Sunday, April 27, 2014

REVIEW: THE RATASTROPHE CATASTROPHE by David Lee Stone




Title: The Ratastrophe Catastrophe
Series: The Illmoor Chronicles, #1
Author: David Lee Stone
Publisher: Open Road Media
Publication Date: February 25, 2014
Genres: YA, Fantasy, Humor
Reviewed by: Angie Edwards
Source: From publisher via NetGalley
My rating: 3/5

SUMMARY

Diek Wutspah is a normal shepard boy. That is until a dark, evil magic roots itself within him instilling him with the power to charm man and beast with his magic flute. When the ancient town of Illmoor is plagued by an infestation of giant rats, Diek offers to lead the rodents to their doom. But when the dim-witted Duke of Illmoor refuses to reward him, Diek seeks revenge by kidnapping the town's children. Just when it seems the children are gone for good, a team of misfit mercenaries - Groan, a buck-toothed Giant, Gordo, a wise-cracking dwarf, and Tambor, a has-been sorcerer - set out on a bumbling journey to stop Diek, and save the children. But will it be too late?




REVIEW

I was both hesitant and excited to read this retelling of a favorite classic. But in the end, I was happy with how it turned out to be something distinctively different from the original, yet still doing justice to the much-loved fable on which it is based.

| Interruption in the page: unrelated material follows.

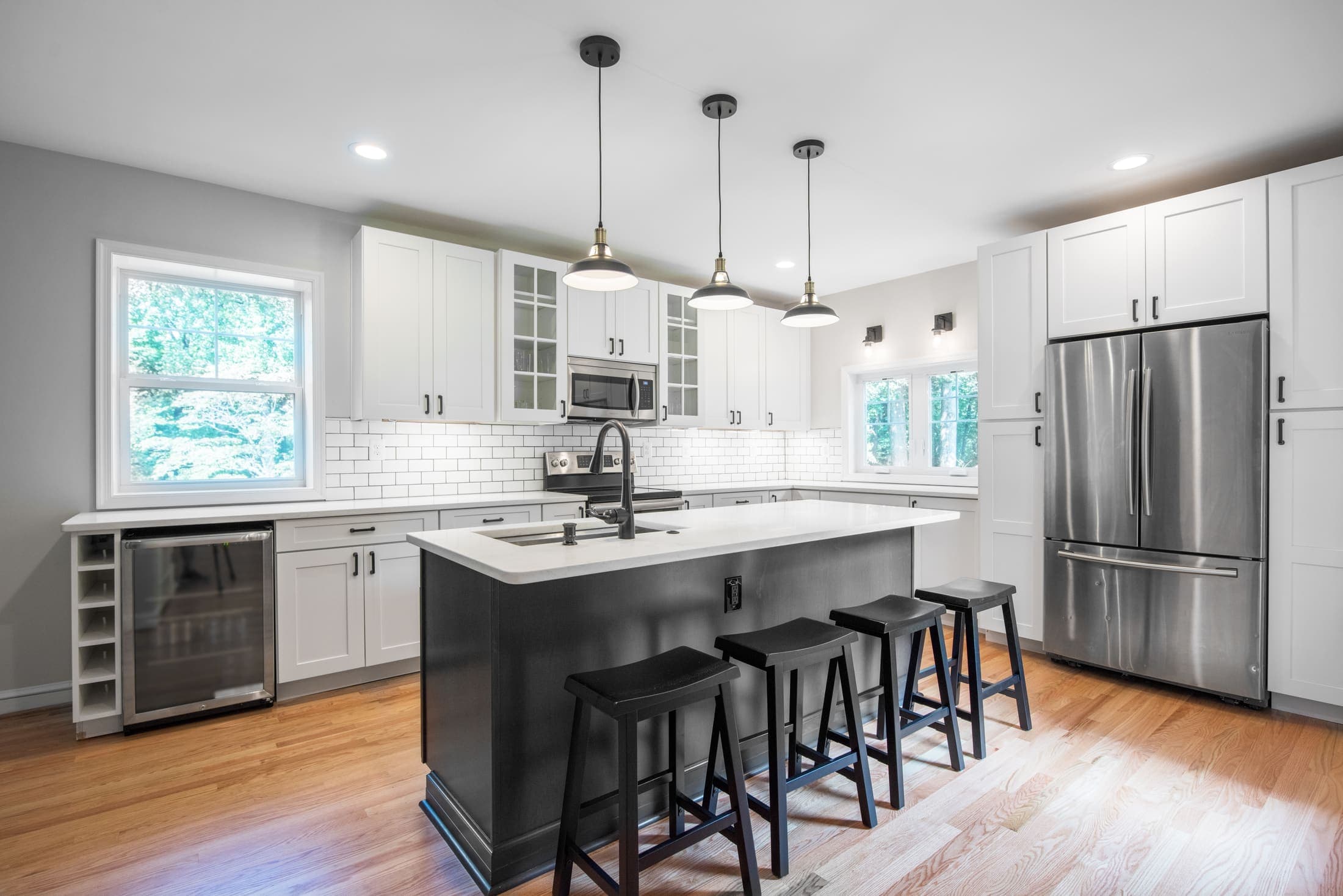 White shaker kitchen with a navy blue island and white quartz countertops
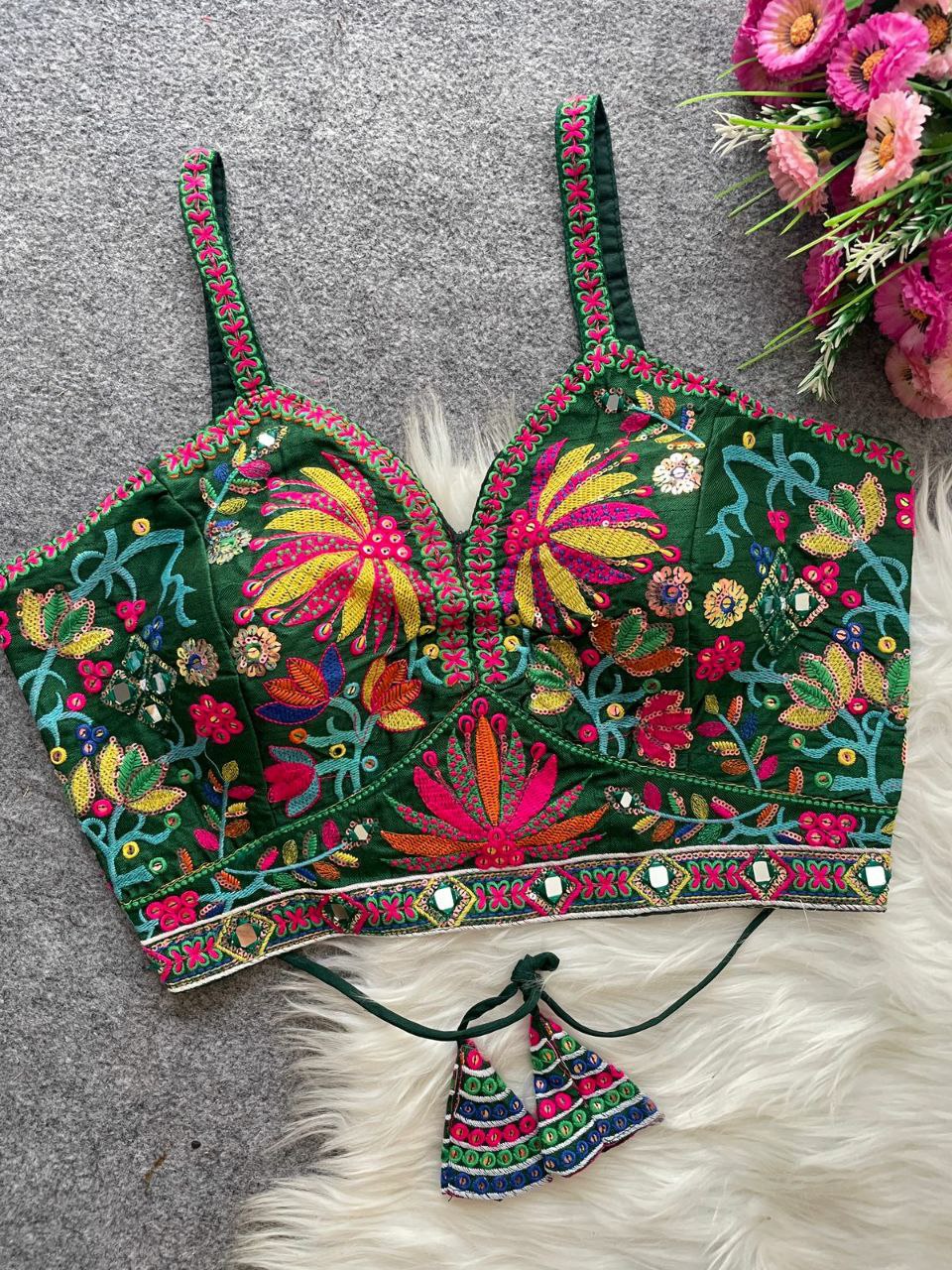 Green sleeveless blouse with colorful floral embroidery, sequence, and mirror work, front view.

Dullitch is a fascinating city, richly imagined and elaborated upon. Filled with humans and all sorts of creatures such as trolls, sprites, pixies ogres, dwarves, elves, giants, and gnomes, it ensures an interesting plot that would keep the fantasy fanatic riveted. The story also has its fair share of humor, and whatever it lacks in other areas – specifically the disjointed writing - it makes up for with a few hilarious scenes. Here’s one that had me laughing right at the start.

“What is it, lad”?
The boy turned and looked up at his father, his smile was apprehensive. “I thought I heard something, Dad.”
“That’ll be the cattle cart,” said his father, quietly grateful that his son had stopped playing; Diek’s musical ability suggested possible employment in the torture trade.
Mr. Wustapha looked out over a broad expanse of west-country farmland, his brow creased. A few cows in the field opposite had wandered over to the gate and were mooching idly about.
“No, it was more like a feeling than a sound. I thought I felt something.”
“Well, that’ll be your dinner,” his father continued, reflecting on years of terror at the dinner table. Mrs. Wustapha was one of a long line of cooks on her mother’s side of the family. He hoped fervently she would be the last.

Even though I found the writing to be a little off-balance with sudden scene transitions, I was impressed by the amount of work the author put into fleshing out each character, as well as the in-depth world building that made me feel part of the realm of Illmoor. The characters are what drive this hilarious spin on the classic fable of the Pied Piper. Each character is uniquely flawed, and stands apart from the rest. The plot is filled with twists and surprises, and the ending is not what you’d expect.

Overall, this was a fun read which reads so effortlessly I finished it in no time. Apart from the very simplistic writing which was sometimes more a miss than a hit, I still had a great time reading The Ratastrophe Catastrophe (try saying it five times really fast, I dare you)! I might actually read the rest of the series sometime.